● **What you will do**
Figure out the number of lines in the data that hold the string "Erna". Reply with that figure only.

-- Extracted records follows --

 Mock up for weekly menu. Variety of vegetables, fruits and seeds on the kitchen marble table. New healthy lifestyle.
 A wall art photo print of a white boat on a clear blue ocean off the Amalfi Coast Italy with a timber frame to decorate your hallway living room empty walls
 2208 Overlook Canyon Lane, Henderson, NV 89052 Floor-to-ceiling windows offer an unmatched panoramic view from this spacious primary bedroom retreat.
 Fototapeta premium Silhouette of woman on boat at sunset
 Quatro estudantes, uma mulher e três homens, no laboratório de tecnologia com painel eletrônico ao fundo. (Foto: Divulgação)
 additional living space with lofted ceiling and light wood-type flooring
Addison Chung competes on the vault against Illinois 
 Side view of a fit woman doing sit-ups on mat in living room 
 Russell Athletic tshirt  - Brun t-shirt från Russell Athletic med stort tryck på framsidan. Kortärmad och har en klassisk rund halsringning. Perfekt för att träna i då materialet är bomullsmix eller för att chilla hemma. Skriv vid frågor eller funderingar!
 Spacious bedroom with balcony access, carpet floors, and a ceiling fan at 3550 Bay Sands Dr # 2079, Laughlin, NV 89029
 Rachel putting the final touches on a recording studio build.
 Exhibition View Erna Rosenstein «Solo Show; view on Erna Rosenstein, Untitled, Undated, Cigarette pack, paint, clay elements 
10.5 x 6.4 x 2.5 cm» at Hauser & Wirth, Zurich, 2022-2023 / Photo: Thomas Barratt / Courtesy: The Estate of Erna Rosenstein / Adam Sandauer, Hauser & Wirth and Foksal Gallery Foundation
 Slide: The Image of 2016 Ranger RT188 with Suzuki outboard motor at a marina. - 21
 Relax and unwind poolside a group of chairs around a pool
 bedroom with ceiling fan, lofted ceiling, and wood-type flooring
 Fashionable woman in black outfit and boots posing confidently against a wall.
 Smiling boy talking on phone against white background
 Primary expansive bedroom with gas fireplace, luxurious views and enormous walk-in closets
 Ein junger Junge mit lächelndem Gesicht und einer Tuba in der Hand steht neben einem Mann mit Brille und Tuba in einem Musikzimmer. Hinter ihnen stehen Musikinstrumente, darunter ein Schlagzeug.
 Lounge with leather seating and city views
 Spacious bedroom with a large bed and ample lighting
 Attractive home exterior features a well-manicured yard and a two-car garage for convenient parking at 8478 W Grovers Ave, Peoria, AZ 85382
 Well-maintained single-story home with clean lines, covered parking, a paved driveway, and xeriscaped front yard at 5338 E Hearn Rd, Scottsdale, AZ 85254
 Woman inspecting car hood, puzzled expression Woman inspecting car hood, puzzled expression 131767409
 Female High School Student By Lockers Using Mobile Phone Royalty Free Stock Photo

-- Extracted records concluded --

● **Output for this task**
2